The Isolated Ground

We get requests to install Isolated Ground outlets from time to time, especially with sensitive equipment. TELCO likes to have isolated grounds on their fiber MUX’s.  It can become an issue with branch circuits in split-phase or three-phase services that share the same ground and neutral conductor.  This can lead to a ground loop between neutral and ground, which will create all sorts of havoc in a broadcast facility.

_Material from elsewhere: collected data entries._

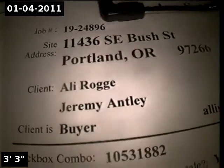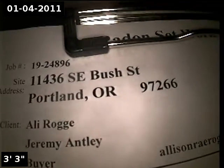This is Alpha Environmental. We're at 11436 South East Bush Street in Portland, here for a sewer inspection. Point of access is a 3-inch cast iron clean-out located in the basement.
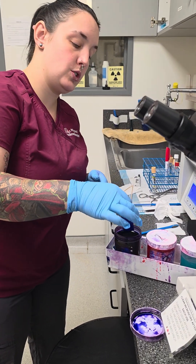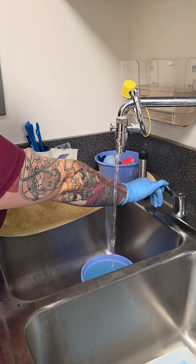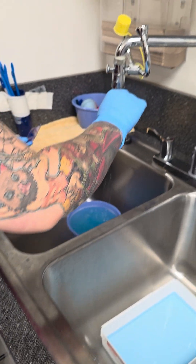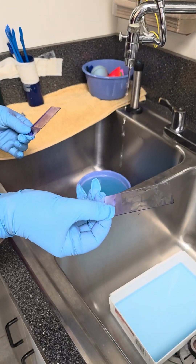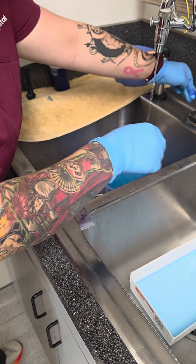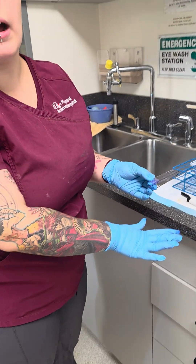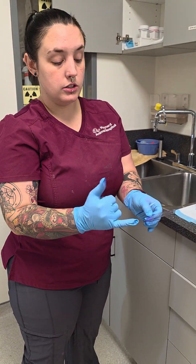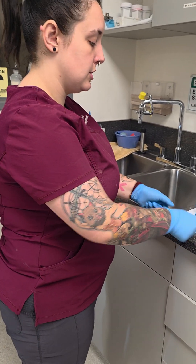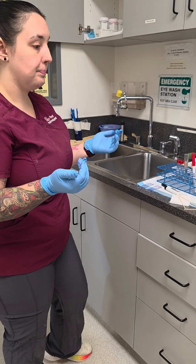All right. So now we have these, then we're going to take our water, put it on just a trickle, and lightly clean off the stuff. Then we let them dry. If you're going to stick them in the bibulose paper, do not press down, because anything that's glued on here is going to stick to that, and then it's not going to be a viable cytology. So if you have the time to just let them dry, that's fine. You can stick them in the bibulose paper and leave them to dry as well, but don't press it.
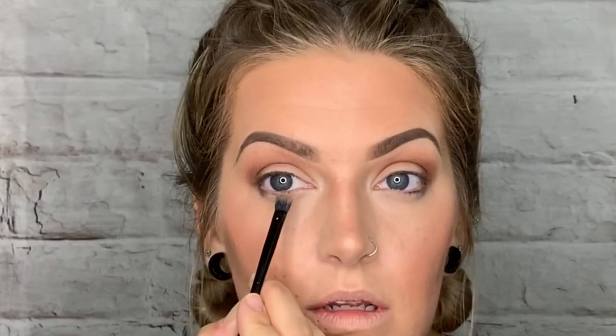See the difference? This one is just a little bit deeper. I'm going to go ahead and do the other eye. Then I'll take my number 20 brush, pick up some of shade 19, and smoke out the very bottom part of the lower lash line — that just creates a nice flow and makes the whole look come together.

20 amp, 120 volt Isolated Ground Outlet
20 amp, 120 volt, Isolated Ground Outlet

The National Electrical Code covers Isolated Grounds (IG) and sensitive equipment in several sections.  The first is section 250.146(D), which states that the installation of isolated ground receptacles is permitted.   The grounding conductor connected to such receptacles is permitted to pass through one or more panel boards, boxes, conduit bodies, etc without being bonded to them.  However, said panel boards, metallic boxes, conduit bodies, raceway, etc must also be grounded separately.  That means running two ground conductors, usually, the isolated ground conductor is green with a yellow stripe or spiral.

Studio electrical diagram isolated ground
Studio electrical diagram isolated ground

The second is section 640.9(A), which refers to separately derived power systems.  This section deals specifically with balanced power; 60 volts AC to ground.  In such cases, a separate ground conductor is allowed as outlined in section 250.146(D) and in 647.6(B), which states that the grounding buss should be connected to the grounded conductor on the line side of the separately derived systems disconnecting means.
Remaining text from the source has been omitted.